Results and Discussion
Persistent Homology and Unsupervised Clustering Reveals 6 Architectural PCa Subgroups across 3 Gleason Patterns
After dimensionality reduction (PCA), clustering (Hierarchical Ward’s Method) of the ranked persistence vectors, and meta-clustering of the original clusters, six clusters emerged (visualized using t-SNE), shown in Fig. 4, ordered according to the most prevalent Gleason pattern as determined by the dominant proportion of purely graded ROIs in each meta-cluster. These six clusters, when arranged in order of increasing aggressiveness from Gleason pattern 3 to 5, demonstrate an architectural continuum transitioning from well differentiated to very poorly differentiated adenocarcinoma. A mean Jaccard coefficient of 0.7607 ± 0.1585 indicate that these six clusters are stable across bootstrap samples.
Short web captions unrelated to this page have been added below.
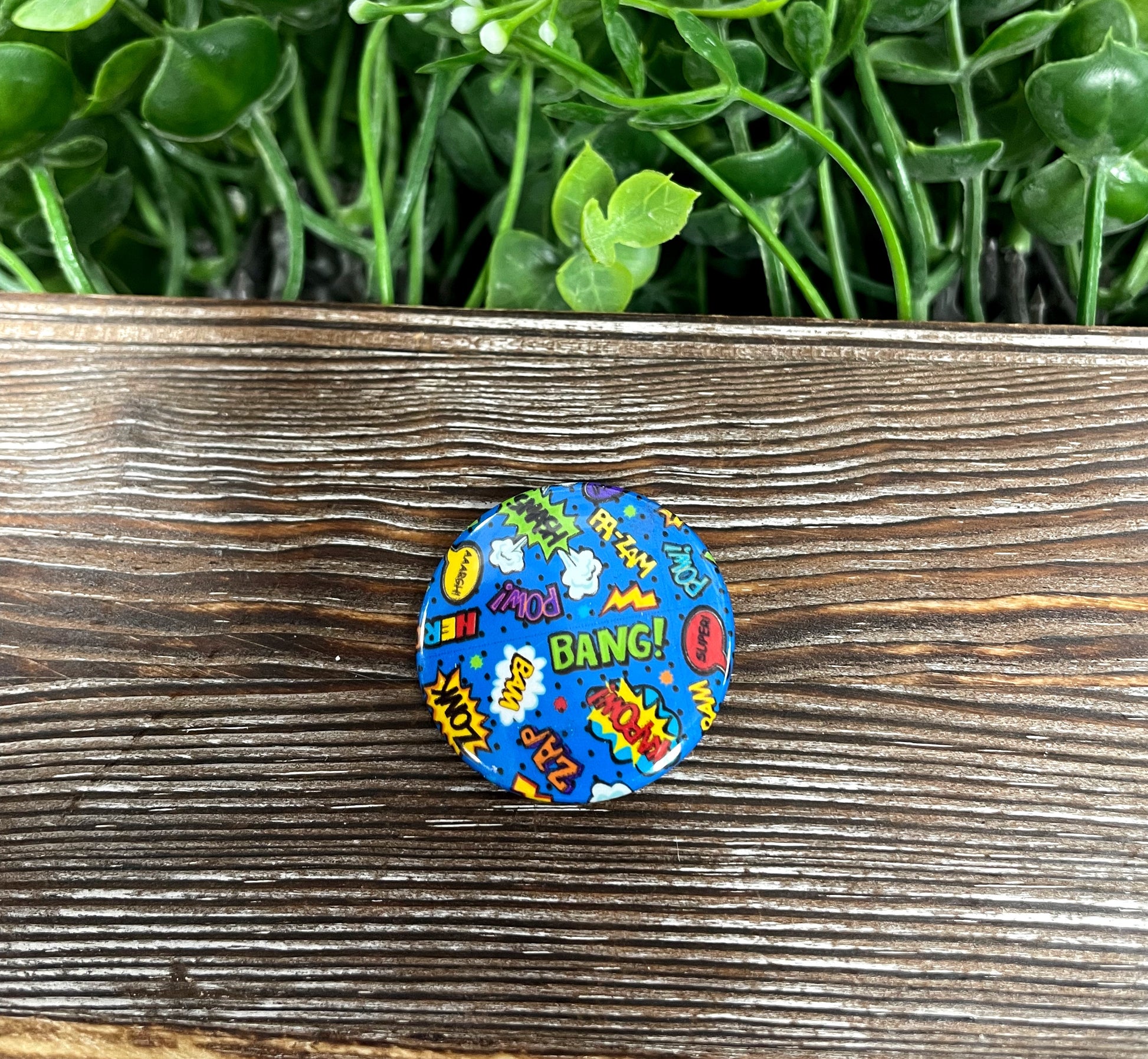 Zap Bang Pow, Graphic Art Button / Pin 1.25” , Comic Book Style - Handmade by Marlayna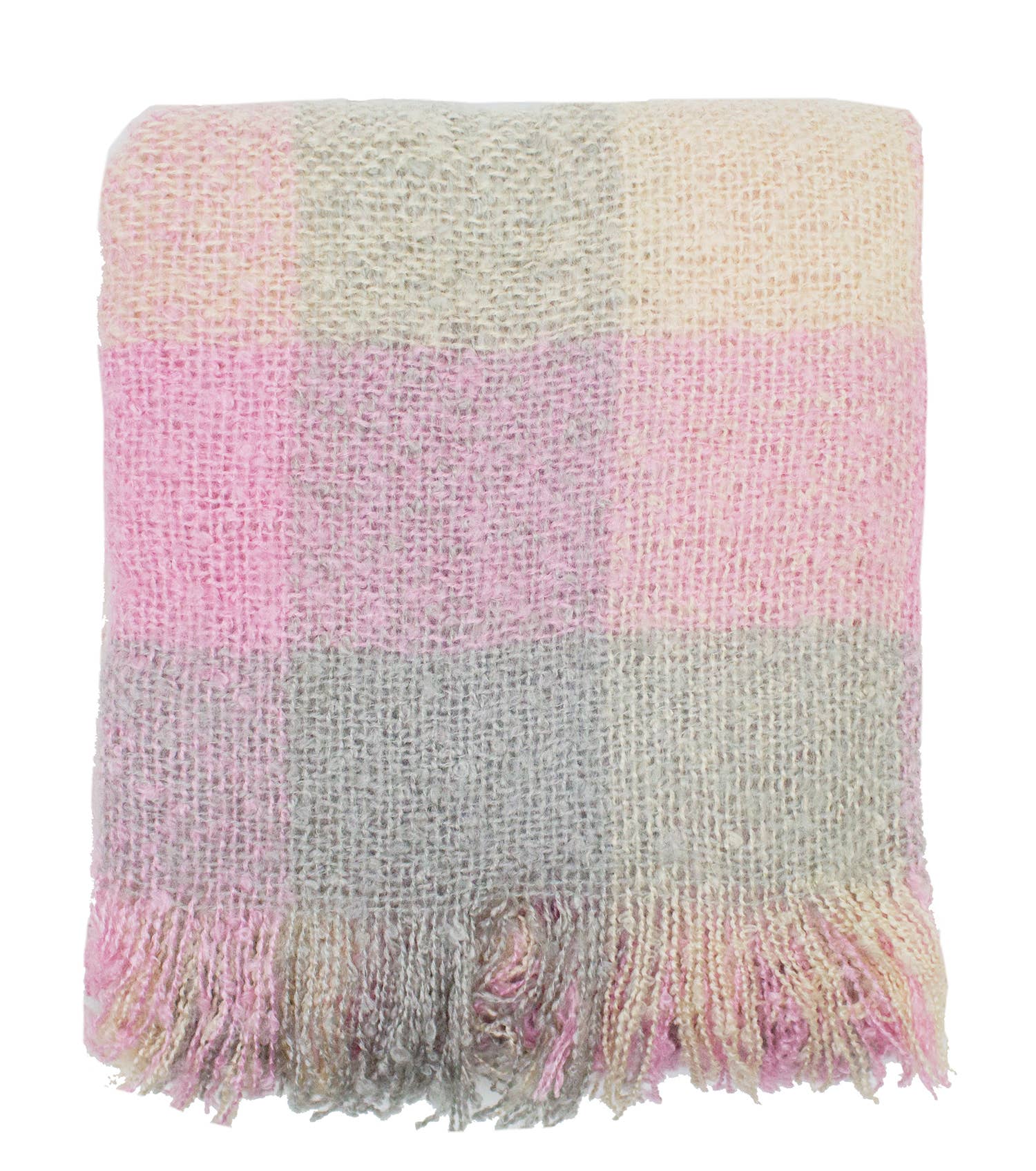 Fennco Styles - Wholesale Throw Blanket - Pink-Multi Faux Mohair Plaid Fringed Throw Blanket1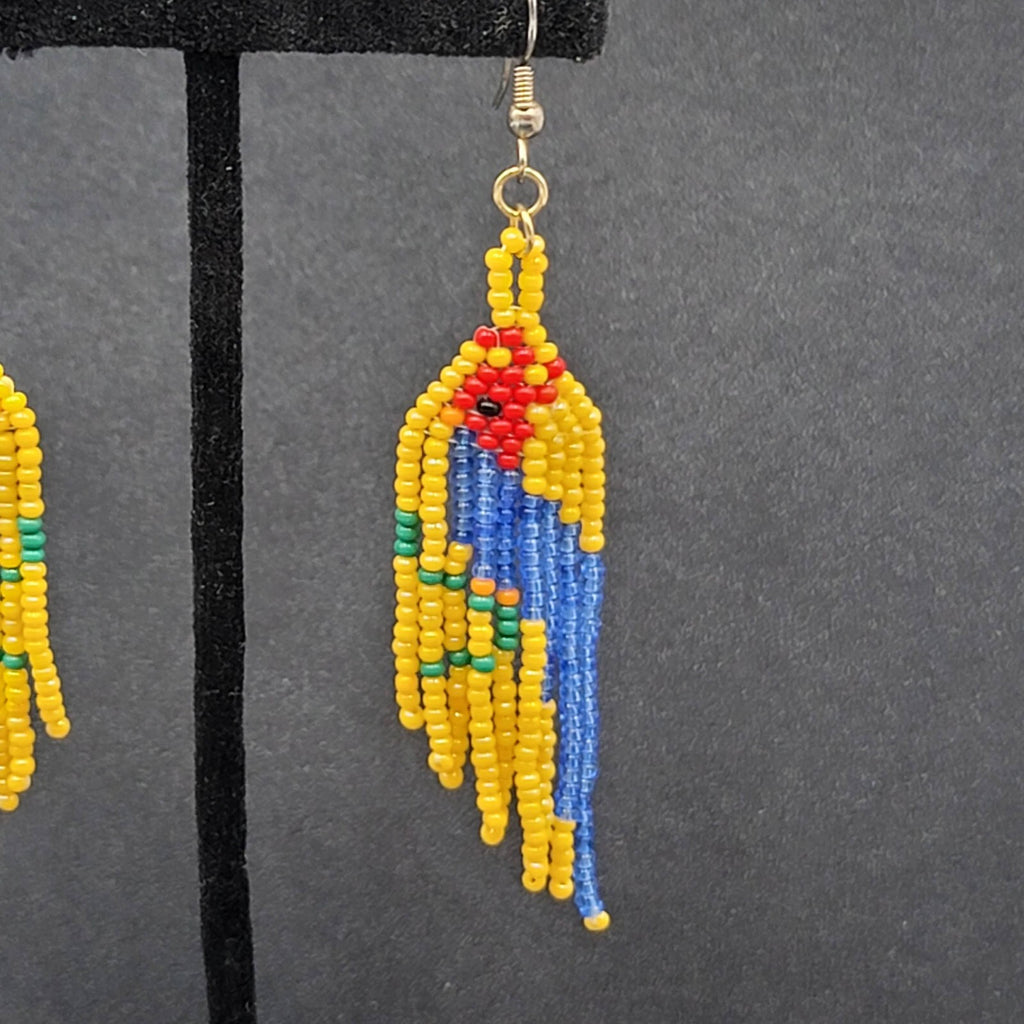 Vintage Pierced Earrings Yellow Seed Bead Parrot Bird Dangle 2.75"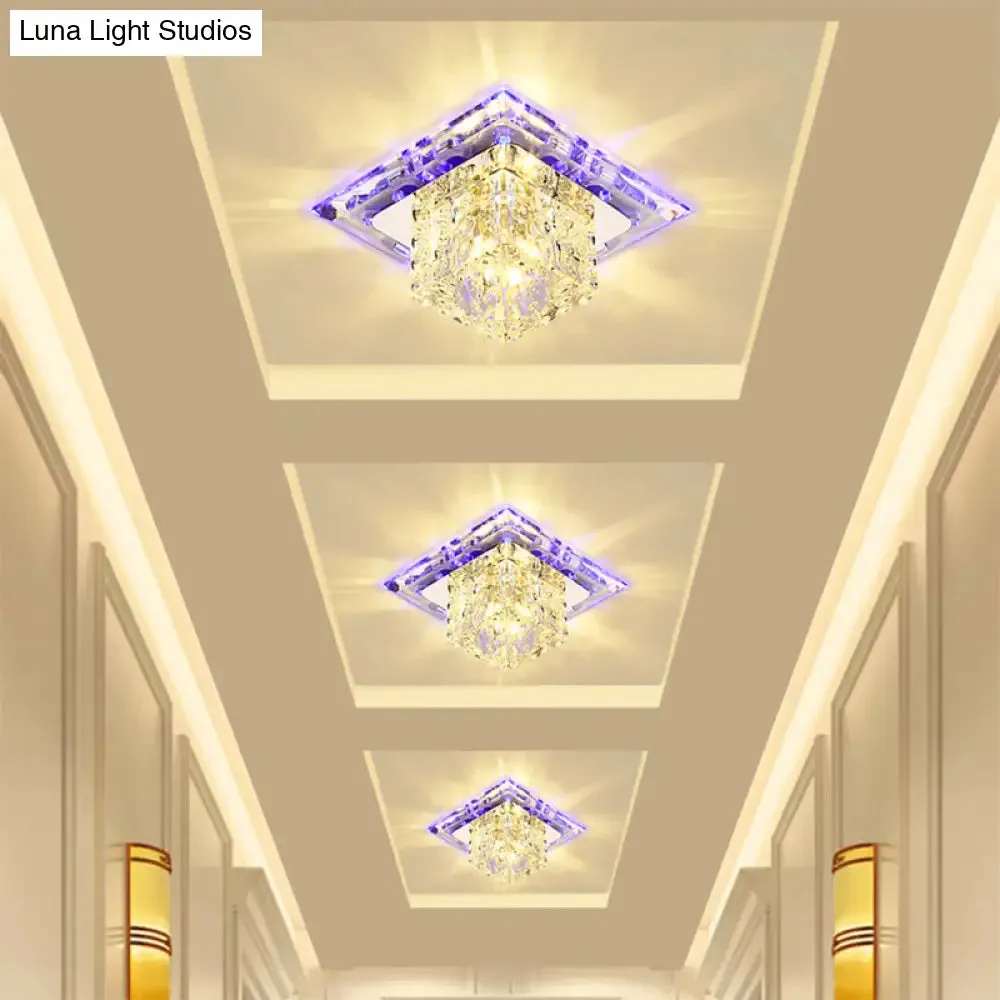 Simplicity Square LED Crystal Flush Mount Ceiling Light - Clear, for Entryways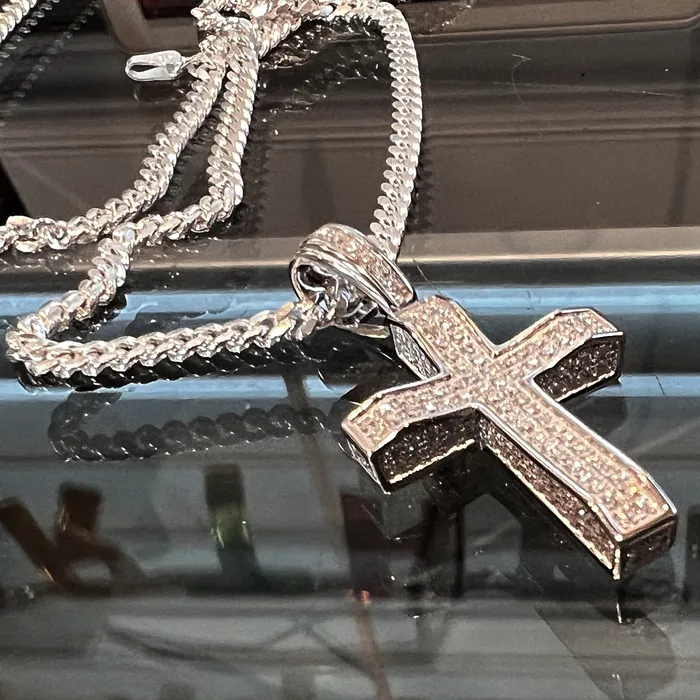 925 Sterling Silver VVS1 Moissanite 082CT Cross Miami Cuban Chain Necklace 3MM 1630 Bling Cartel Necklaces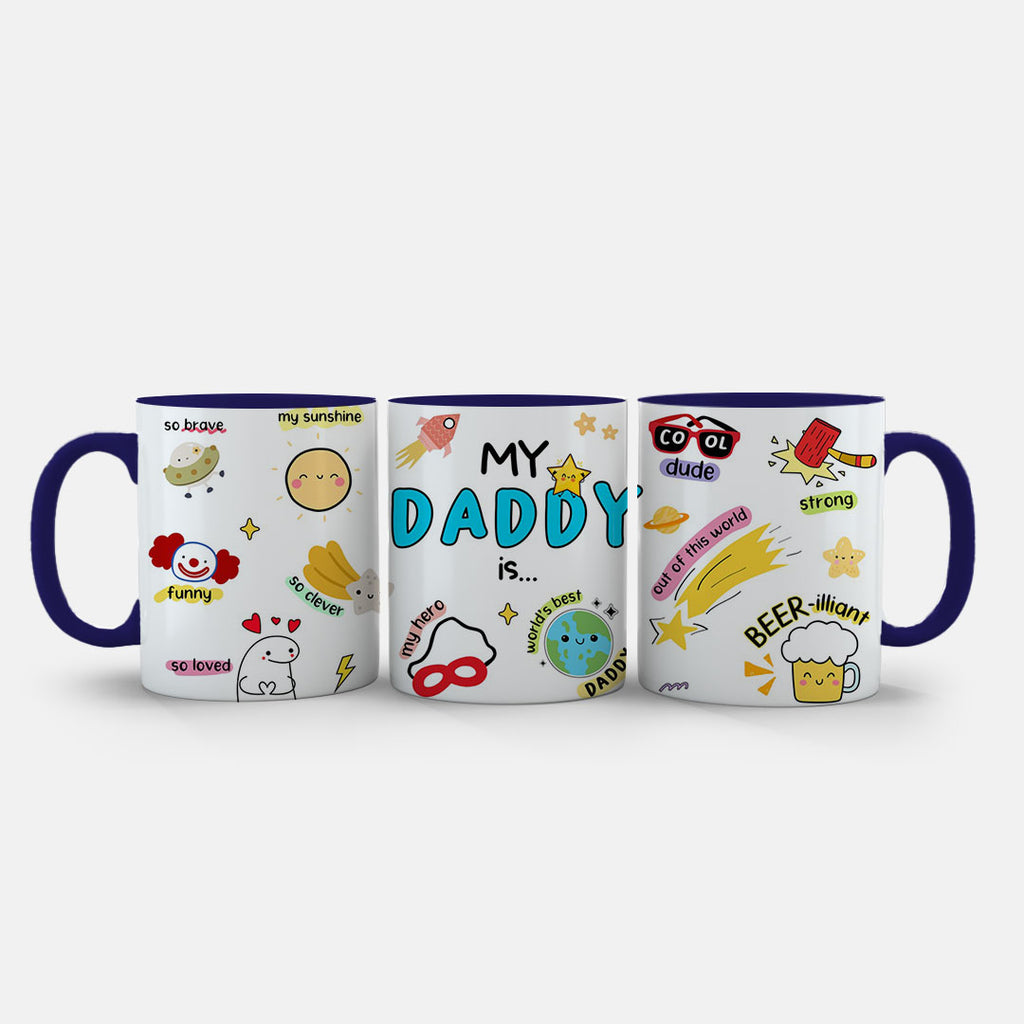 11oz Ceramic Mug Red - My Daddy Is design with colourful funny labels and playful icons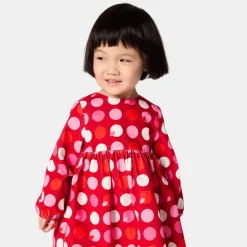 Robe bébé fille manches longues - rouge/multicolore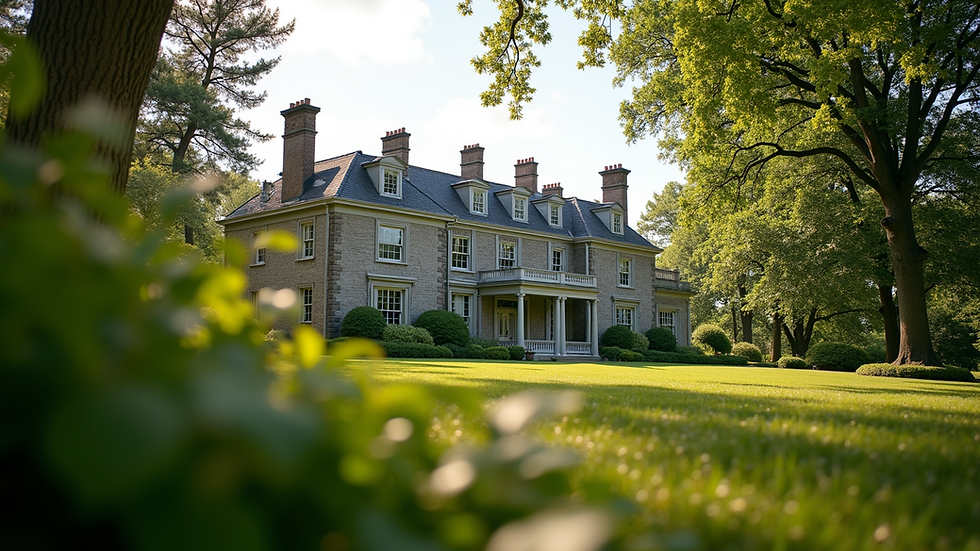 Eye-level view of a historic Newport mansion with lush gardens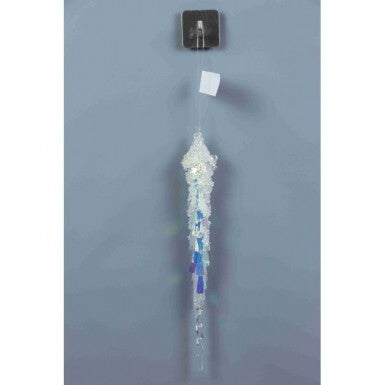 11-inch clear iridescent icicle ornament hanging from a silver hook against a gray background.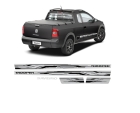 EMBLEMA FAIXA LATERAL SAVEIRO TROOPER FUNDO PRATA 2013/...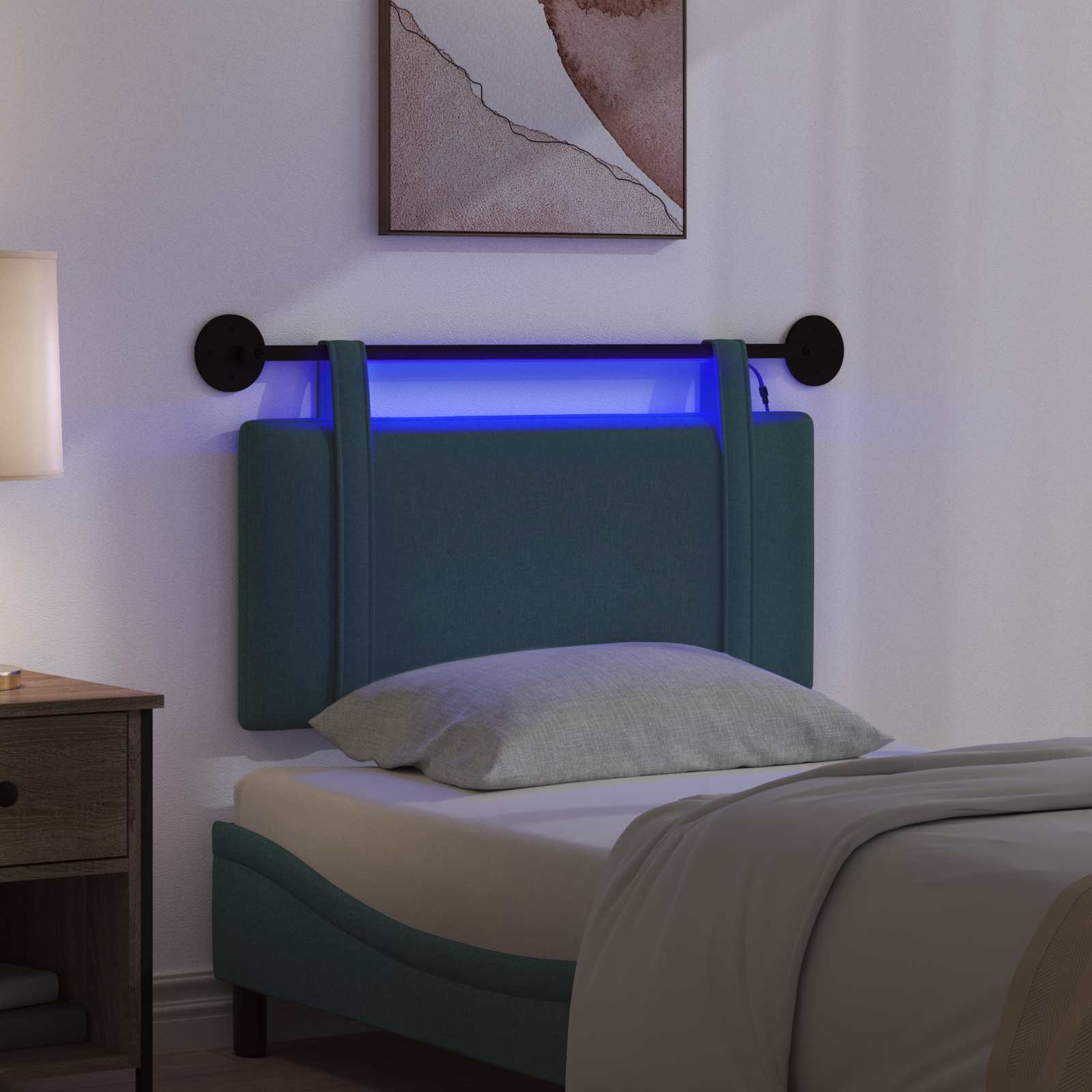 Viseće uzglavlje kreveta S LED svjetlom Tamnozelena Tkanina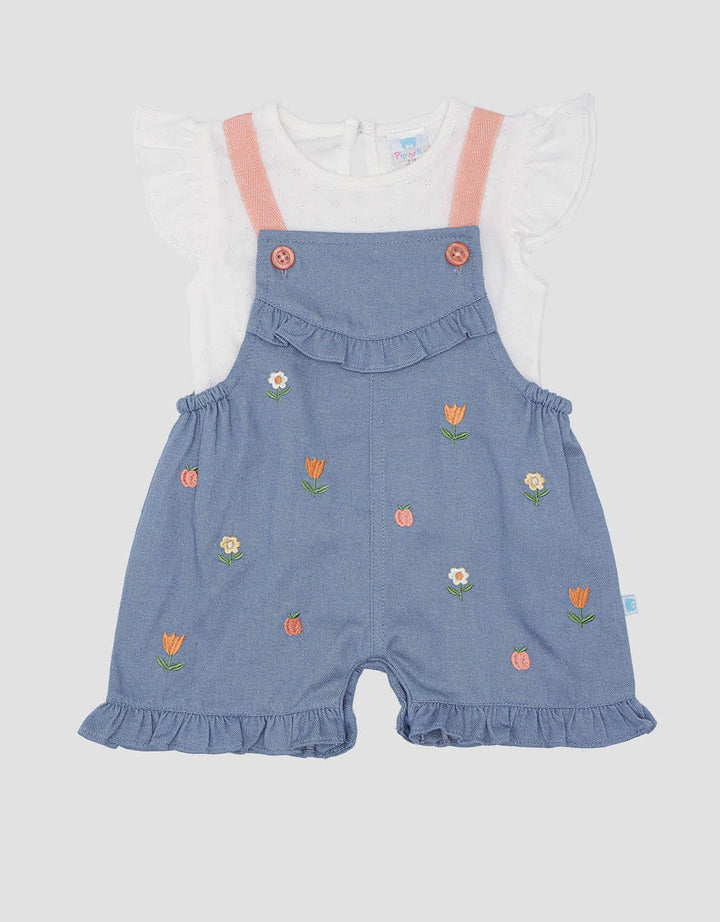 Pipiniko Embroidery Flower Romper Set Anak Perempuan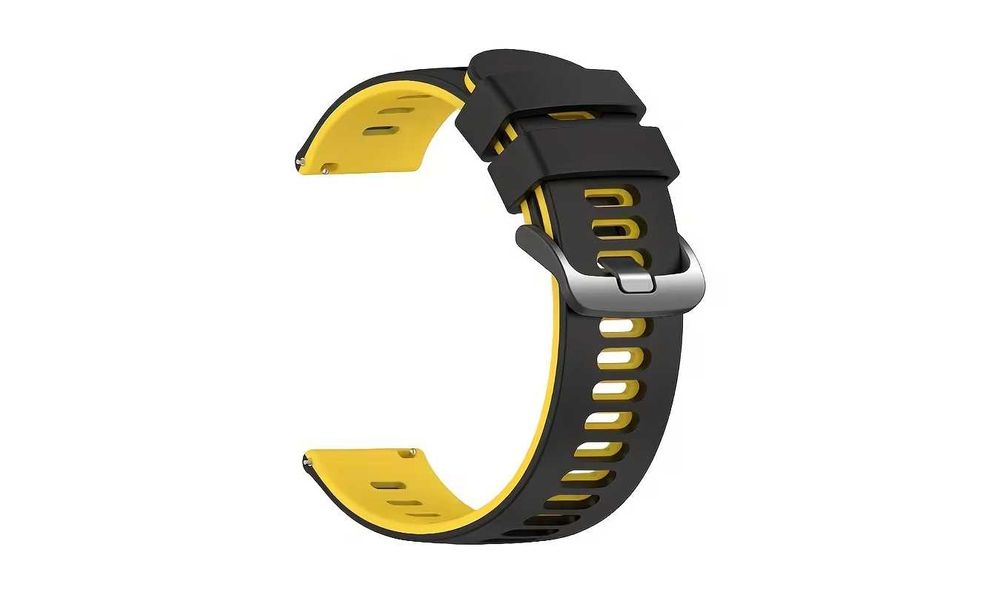 Bratara de ceas din silicon moale de 22mm Negru si galben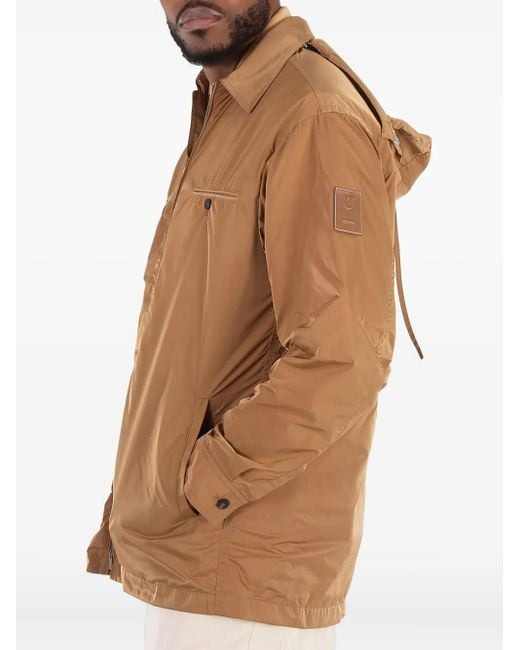 Ferragamo Brown Zip Hooded Jacket for men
Overall Persistent Homology Continuum
Column i corresponds to a predominantly Gleason 3 cluster dominated by a crowded glandular architectural pattern, as depicted in Fig. 2. Column ii corresponds to a predominantly Gleason 3 cluster dominated by a loosely-packed glandular pattern. Column iii corresponds to predominantly Gleason 4 cribriform pattern. Cluster iv corresponds to a predominantly Gleason 5 cluster dominated by a solid single-cell infiltrating architectural patterns. Column v and column vi correspond to predominantly Gleason 5 clusters dominated by single cell patterns with the presence of some poorly formed glands. The most compelling characteristic of this continuum is its division of dominant Gleason patterns into multiple clusters along the continuum. This indicates that there exist architectural subtypes within Gleason patterns, as well as subtypes that bridge Gleason patterns, and PH captures these differences. Persistence intensity diagrams map the differences in architecture between clusters to the underlying PH by providing an averaged representation of the persistence diagrams for each cluster, as shown in Fig. 5.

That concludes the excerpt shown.